RECORDED INFORMATION:
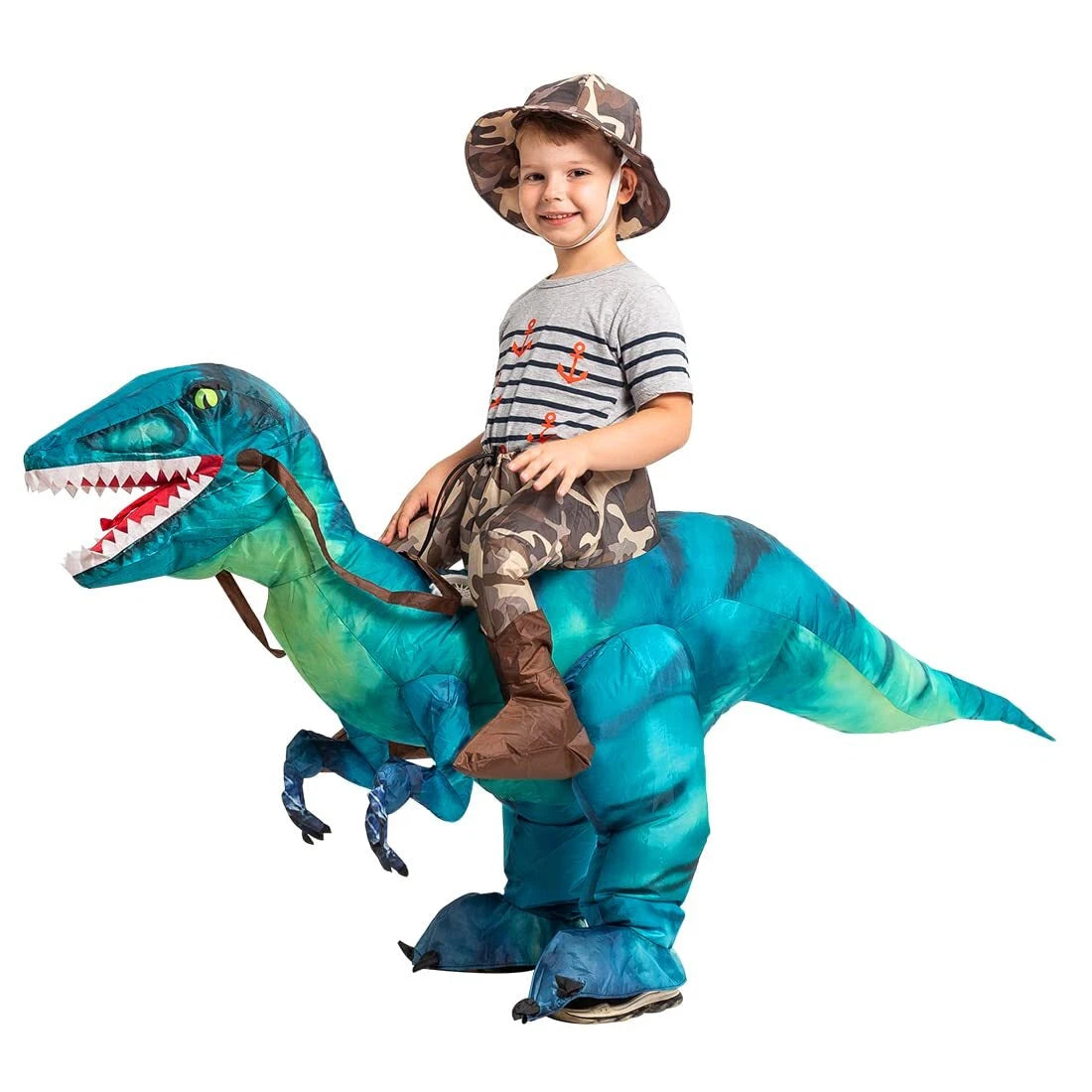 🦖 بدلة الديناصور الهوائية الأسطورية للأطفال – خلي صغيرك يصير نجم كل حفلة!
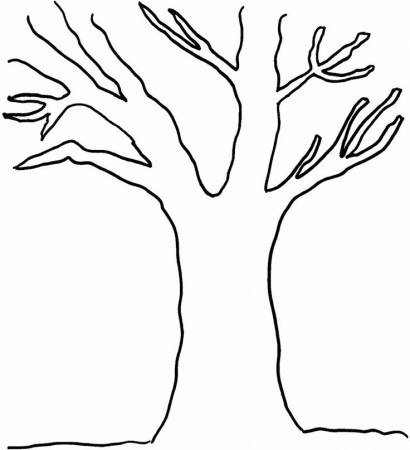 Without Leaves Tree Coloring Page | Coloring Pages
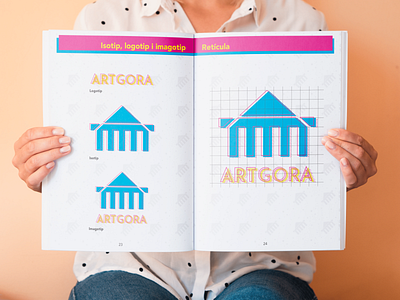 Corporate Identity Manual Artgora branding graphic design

WORK ORDER: Starting at the line that contains "Without Leaves Tree" and ending with the last line of the data, transcribe every line exactly; skip the pictures.

OUTPUT OF THE EXERCISE:
 Without Leaves Tree Coloring Page | Coloring Pages
 Corporate Identity Manual Artgora branding graphic design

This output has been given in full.